How can I know which controller (application) the system will use when
it opens an http URL? I depend on webbrowser.open('http') to choose
the best web browser on the installed system. Does webbrowser.get()
tell me which application that will be?
> For opening files reliability and the ability to pick a particular program
> (browser or otherwise) to open it with you might have to resort to invoking
> a command line via subprocess.Popen.
But that only works if I know which application to open.
--
Timur Tabi
Linux kernel developer at Freescale
> On Wed, Jan 27, 2010 at 12:29 PM, Mitchell L Model
> <MLM...@comcast.net> wrote:
>
>> I had some discussions with the Python documentation writers that
>> led to the
>> following note being included in the Python 3.1 library
>> documentation for
>> webbrowser.open: "Note that on some platforms, trying to open a
>> filename
>> using this function, may work and start the operating system’s
>> associated
>> program. However, this is neither supported nor portable."
>
> Then they should have renamed the API. I appreciate that they're
> finally documenting this, but I still think it's a bunch of baloney.
I agree, but I am pretty sure that, based on the discussions I had
with the Python
documenters and developers, that there's no hope of winning this
argument.
I suppose that since a file: URL is not, strictly speaking, on the
web, that it
shouldn't be opened with a "web" browser. It's just that the "web"
part of
"web browser" became more or less obsolete a long time ago since there
are so many more ways of using browsers and so many more things they can
do then just browse the web. So if you interpret the name "webbrowser"
to mean
that it browses the web, as opposed to files, which means going
through some
kind of server-based protocol, the module does what it says.
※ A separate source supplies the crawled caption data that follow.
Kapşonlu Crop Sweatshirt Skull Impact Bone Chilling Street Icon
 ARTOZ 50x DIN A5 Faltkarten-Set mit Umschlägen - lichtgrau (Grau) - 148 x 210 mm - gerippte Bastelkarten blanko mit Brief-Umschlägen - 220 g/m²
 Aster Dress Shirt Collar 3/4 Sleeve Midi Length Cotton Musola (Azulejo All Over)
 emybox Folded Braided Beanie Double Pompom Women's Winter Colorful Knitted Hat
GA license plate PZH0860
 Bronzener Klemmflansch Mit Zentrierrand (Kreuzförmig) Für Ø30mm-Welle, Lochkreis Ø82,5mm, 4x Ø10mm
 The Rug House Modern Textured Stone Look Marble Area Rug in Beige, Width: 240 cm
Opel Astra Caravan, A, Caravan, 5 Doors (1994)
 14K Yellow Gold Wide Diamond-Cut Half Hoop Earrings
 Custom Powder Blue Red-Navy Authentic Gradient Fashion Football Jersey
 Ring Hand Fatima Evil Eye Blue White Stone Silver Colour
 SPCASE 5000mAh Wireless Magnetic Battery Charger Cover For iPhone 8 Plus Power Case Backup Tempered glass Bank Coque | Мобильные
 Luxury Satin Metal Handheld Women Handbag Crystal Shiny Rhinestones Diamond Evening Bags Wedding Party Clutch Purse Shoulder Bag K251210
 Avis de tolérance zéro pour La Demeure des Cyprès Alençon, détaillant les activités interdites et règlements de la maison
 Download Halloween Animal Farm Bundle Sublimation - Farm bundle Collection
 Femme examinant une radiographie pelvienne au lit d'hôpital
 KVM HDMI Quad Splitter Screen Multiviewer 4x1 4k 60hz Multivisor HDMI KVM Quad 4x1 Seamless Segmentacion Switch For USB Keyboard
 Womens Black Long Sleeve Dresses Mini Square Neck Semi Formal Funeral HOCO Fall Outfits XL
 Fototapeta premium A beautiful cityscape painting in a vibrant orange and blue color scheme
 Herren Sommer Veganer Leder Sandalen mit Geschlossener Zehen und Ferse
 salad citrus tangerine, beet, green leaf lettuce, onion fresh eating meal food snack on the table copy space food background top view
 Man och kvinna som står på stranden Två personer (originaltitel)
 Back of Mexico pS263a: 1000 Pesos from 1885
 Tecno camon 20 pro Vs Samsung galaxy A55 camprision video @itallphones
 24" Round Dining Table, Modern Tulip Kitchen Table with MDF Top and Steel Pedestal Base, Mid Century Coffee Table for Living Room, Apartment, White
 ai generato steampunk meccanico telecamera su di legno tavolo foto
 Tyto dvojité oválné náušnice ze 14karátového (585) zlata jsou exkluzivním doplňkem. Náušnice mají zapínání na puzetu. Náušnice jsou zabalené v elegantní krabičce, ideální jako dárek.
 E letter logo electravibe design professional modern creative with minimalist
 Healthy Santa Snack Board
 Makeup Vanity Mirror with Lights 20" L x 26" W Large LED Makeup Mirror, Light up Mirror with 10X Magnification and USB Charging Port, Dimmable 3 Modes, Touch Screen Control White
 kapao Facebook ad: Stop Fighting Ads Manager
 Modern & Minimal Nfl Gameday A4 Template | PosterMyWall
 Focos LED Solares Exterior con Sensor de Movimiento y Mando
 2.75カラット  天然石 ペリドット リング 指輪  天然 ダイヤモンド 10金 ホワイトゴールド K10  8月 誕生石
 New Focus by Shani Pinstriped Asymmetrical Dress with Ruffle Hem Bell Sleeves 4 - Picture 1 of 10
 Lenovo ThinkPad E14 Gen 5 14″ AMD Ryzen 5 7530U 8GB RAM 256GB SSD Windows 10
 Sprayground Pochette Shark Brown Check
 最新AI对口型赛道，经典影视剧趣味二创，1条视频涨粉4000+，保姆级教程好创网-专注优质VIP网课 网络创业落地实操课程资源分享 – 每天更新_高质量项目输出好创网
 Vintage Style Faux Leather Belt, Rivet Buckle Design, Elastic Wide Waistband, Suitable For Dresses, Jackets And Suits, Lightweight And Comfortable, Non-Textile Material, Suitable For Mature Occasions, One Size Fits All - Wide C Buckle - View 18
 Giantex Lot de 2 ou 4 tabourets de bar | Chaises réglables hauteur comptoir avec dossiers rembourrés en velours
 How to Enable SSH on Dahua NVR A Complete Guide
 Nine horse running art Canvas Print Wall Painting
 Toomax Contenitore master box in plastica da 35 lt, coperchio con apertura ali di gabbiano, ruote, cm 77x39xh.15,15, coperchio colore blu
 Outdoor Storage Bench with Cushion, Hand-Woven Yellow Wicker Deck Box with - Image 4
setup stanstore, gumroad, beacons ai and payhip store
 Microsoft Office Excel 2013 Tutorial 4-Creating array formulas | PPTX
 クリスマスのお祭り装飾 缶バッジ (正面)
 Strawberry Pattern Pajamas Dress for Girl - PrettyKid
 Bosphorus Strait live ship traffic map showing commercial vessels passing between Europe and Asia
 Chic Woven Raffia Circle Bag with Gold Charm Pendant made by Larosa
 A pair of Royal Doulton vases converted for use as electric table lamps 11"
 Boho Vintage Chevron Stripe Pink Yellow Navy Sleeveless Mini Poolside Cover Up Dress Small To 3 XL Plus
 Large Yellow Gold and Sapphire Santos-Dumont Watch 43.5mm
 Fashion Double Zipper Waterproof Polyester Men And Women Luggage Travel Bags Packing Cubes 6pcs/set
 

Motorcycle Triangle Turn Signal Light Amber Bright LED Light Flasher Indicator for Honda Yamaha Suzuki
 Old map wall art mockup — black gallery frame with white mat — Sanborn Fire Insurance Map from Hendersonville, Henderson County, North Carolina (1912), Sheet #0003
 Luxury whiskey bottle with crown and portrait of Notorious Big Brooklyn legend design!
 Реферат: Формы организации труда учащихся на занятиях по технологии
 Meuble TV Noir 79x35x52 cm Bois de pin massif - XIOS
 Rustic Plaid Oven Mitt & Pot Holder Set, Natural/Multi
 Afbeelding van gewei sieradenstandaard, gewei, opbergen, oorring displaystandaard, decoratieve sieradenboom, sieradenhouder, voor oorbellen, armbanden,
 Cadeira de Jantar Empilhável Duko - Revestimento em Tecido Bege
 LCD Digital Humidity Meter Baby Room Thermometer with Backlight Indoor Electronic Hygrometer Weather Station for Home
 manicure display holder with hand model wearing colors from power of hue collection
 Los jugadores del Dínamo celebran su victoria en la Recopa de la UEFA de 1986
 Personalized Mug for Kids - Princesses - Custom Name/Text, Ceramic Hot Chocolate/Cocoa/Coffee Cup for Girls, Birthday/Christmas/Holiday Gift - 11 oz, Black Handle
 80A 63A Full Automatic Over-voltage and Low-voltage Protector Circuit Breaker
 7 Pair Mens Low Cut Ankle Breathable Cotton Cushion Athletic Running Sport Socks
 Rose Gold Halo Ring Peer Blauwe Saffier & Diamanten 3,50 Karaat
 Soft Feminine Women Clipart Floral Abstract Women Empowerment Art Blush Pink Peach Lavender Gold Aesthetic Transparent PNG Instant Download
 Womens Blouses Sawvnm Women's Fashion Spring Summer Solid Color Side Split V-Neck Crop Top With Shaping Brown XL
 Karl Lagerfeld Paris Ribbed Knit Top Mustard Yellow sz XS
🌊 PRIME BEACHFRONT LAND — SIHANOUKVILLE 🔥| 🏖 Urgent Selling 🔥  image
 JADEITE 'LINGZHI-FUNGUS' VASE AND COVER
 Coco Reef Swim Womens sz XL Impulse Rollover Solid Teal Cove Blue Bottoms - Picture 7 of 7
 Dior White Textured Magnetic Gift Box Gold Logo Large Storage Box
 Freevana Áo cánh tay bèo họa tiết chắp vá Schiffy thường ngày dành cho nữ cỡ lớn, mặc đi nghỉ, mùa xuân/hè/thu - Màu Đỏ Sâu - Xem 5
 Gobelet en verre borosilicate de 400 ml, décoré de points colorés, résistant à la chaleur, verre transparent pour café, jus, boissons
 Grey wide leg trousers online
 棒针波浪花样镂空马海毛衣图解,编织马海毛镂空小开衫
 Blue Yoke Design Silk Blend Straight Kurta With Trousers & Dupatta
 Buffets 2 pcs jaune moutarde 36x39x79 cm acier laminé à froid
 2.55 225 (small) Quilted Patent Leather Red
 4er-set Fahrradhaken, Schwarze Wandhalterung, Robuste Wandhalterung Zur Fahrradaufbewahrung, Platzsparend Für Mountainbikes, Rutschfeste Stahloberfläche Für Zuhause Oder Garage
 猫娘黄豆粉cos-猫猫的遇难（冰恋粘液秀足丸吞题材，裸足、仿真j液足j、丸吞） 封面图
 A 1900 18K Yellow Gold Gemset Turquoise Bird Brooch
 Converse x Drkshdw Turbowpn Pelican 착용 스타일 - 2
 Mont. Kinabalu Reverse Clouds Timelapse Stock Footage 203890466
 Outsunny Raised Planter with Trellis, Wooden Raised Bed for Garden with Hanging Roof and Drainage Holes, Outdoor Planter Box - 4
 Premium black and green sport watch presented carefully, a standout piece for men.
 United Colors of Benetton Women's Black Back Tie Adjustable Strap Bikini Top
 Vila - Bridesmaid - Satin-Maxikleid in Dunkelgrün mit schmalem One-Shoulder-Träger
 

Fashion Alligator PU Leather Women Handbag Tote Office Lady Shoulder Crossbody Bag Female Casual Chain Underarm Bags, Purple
But I
still like
the idea of using it to open files, especially when I want the file to
be opened
by its associated application and not a browser.
>
>> You can control which browser opens the URL by using webbrowser.get
>> to
>> obtain a controller for a particular browser, specified by its
>> argument,
>> then call the open method on the controller instead of the module.
>
> How can I know which controller (application) the system will use when
> it opens an http URL? I depend on webbrowser.open('http') to choose
> the best web browser on the installed system. Does webbrowser.get()
> tell me which application that will be?
webbrowser.get() with no arguments gives you the default kind of
browser controller, just as if you had used webbrowser.open()
directly.
>
>> For opening files reliability and the ability to pick a particular
>> program
>> (browser or otherwise) to open it with you might have to resort to
>> invoking
>> a command line via subprocess.Popen.
>
> But that only works if I know which application to open.
Aha. You could use subprocess to specify the application from within
your Python code,
but not to indicate "the user's default browser", unless the platform
has a command for that.
On OS X, for instance, the command line:
open file.html
opens file.html with the application the user has associated with html
files, whereas
open -a safari file.html
will open it with Safari even if the user has chosen Firefox for html
files. There's
stuff like this for Windows, I suppose, but hardly as convenient. And
I think that
Linux environments are all over the place on this, but I'm not sure.
webbrowser.get() returns a control object of the default class for the
user's environment --
the one that means "use the default browser" so it won't help.
But anything with a URL is (or should be regarded as being) on the
Web. It may not be anything more than a local resource and thus have
no universal or common meaning - someone else may not be able to
resolve the URL to a file at all, or it may resolve to a different
file - but it's part of the Web as observed by one party.